In this article, we are going to learn how to interact with memory on both the host and the device through a set of short examples that each highlight an aspect of working with the different types of memory found in CUDA.

Copying data between the GPU and CPU

When using separate host and device memories (either pinned or paged host memory), almost all communication between host and device has to be facilitated through the CUDA runtime or CUDA driver API.
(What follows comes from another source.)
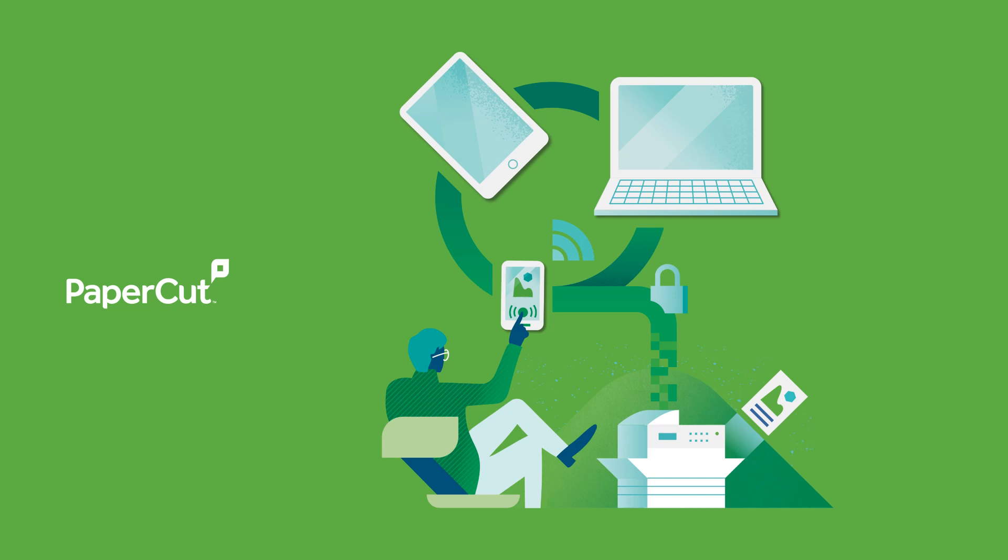Mobility Print gives users the choice and freedom to print from whatever device is at their disposal, providing a native print experience across all platforms. So get started with Mobility Print and enjoy your newfound spare time. You're welcome.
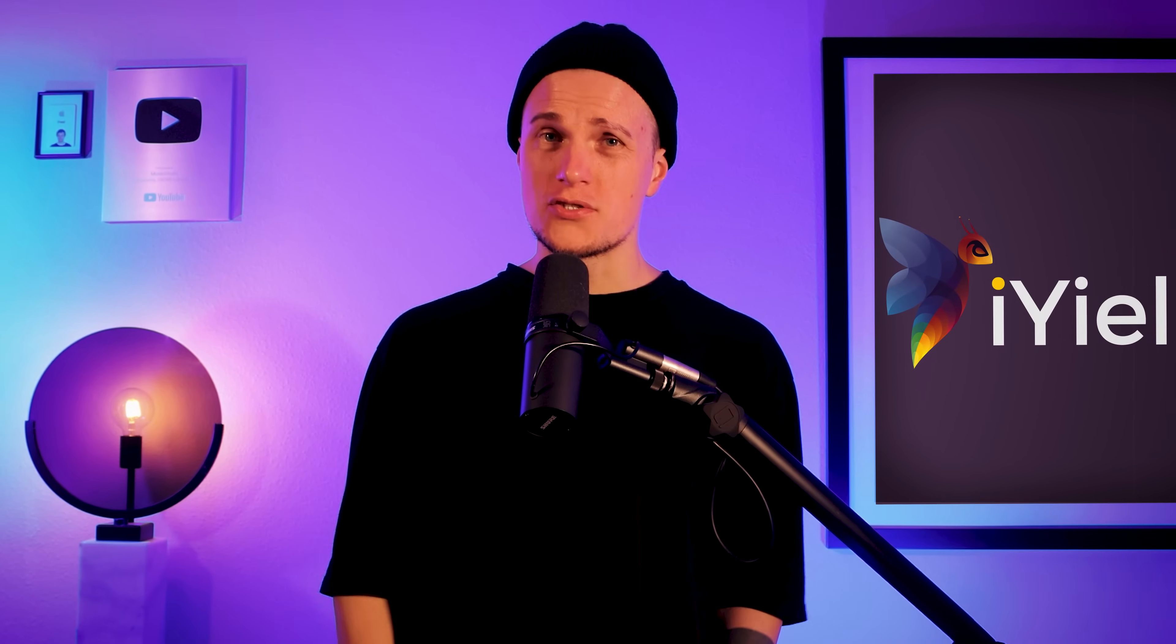Hey guys and welcome back to my channel. My name is Fred and today I will review a financial tracking tool called iYield.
To show how memory can be copied from the CPU to the GPU (and vice versa) we are going to create a small program that

  1. Creates an array of numbers from the host side
  2. Copies them to the GPU
  3. Uses the GPU to add 1 to each element in parallel
  4. Copies the updated array back to the GPU and prints it out to verify the addition and copies were successful.
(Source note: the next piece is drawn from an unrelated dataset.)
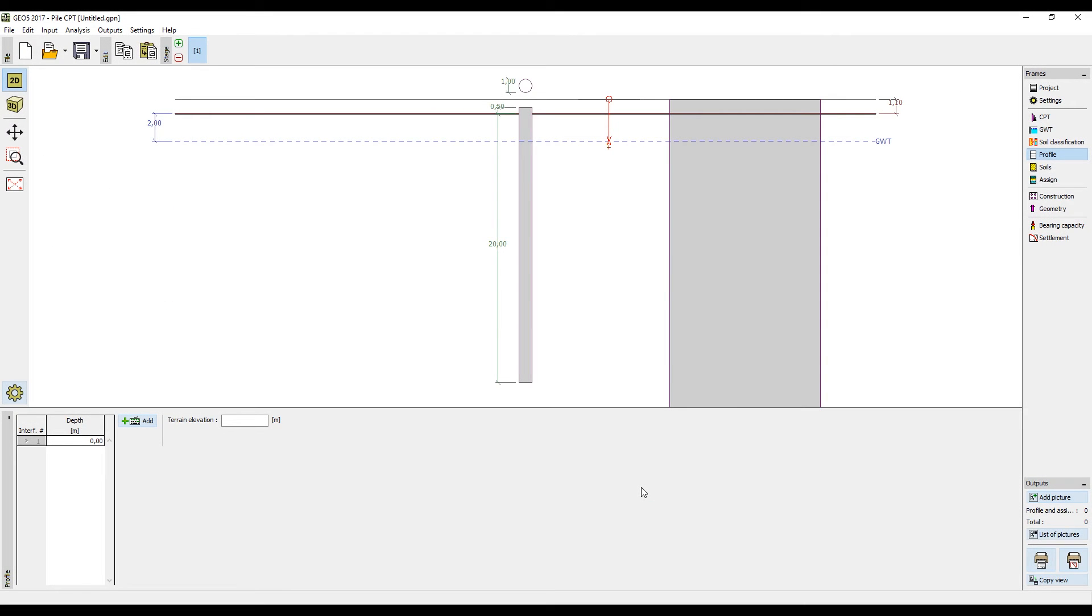This tutorial shows how to design a pile based on the cone penetration tests, or CPT. We will perform an analysis according to the Eurocode standard EN 1997-2.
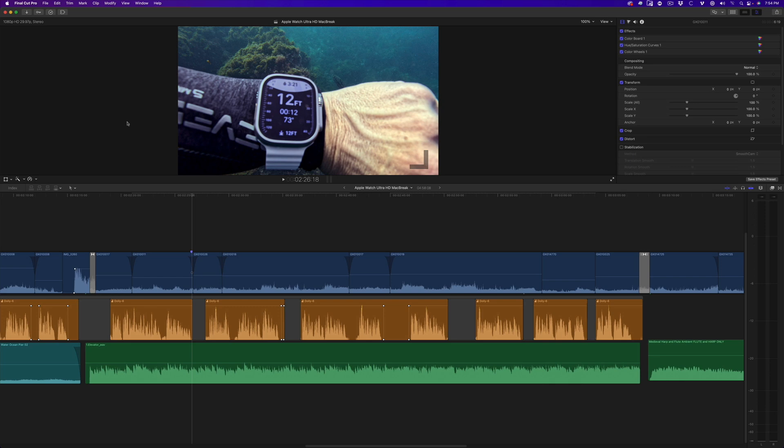I have opened a project I recently worked on about taking the Apple Watch Ultra on my first dive. The clips that I've tagged in orange are my voiceover clips and the clip tagged in green is of course the music. I want to duck the music whenever I'm speaking, then raise it again when I'm not. These gap clips will be my guide for where the changes need to occur.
Below is our addOne kernel. As you can see, it is very similar to the kernel from the Basic CUDA Syntax example, and is equally simple. In it, we check to make sure that each thread's ID is within the bounds of the array, and then simply increment the element of the array each thread corresponds to.

#include <cstdio>

__global__ void addOne(int *array, int size) {
    if (threadIdx.x < size)
        array[threadIdx.x] += 1;
}

In our main function, we need to create and allocate our host and device arrays. Because we are not focused on optimizing performance, we will use allocate paged host memory rather than page-locked memory, but the code for using pinned memory is commented out for your reference.
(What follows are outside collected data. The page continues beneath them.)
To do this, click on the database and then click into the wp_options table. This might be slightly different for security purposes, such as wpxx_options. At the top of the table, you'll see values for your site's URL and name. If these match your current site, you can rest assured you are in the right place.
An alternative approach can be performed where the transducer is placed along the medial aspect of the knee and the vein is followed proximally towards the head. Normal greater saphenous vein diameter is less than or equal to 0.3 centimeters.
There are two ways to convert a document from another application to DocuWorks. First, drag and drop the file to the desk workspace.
int main(int argc, char *argv[]) {
    // Allocate 32 integer array of paged memory
    int numElements = 32;
    int *h_array = (int *) malloc(sizeof(int)*numElements);

    // Alternative: page-locked memory
    // int *h_array;
    // cudaMallocHost(&h_array, sizeof(int)*numElements);

    // Allocate 32 integer array of device memory
    int *d_array;
    cudaMalloc(&d_array, sizeof(int)*numElements);

Next we use a simple loop to initialize the elements of the host array before finally copying the array from the host to the device:

    // Initialize the array with elements 0, 1, ..., n-1
    for (int i = 0; i < numElements; i++)
        h_array[i] = i;

    cudaMemcpy(d_array, h_array, sizeof(int)*numElements, cudaMemcpyHostToDevice);

As you can see in this snippet, cudaMemcpy takes three parameters: a pointer to the destination, a pointer to the source, the amount of bytes to copy, and the direction that the copy is taking place in.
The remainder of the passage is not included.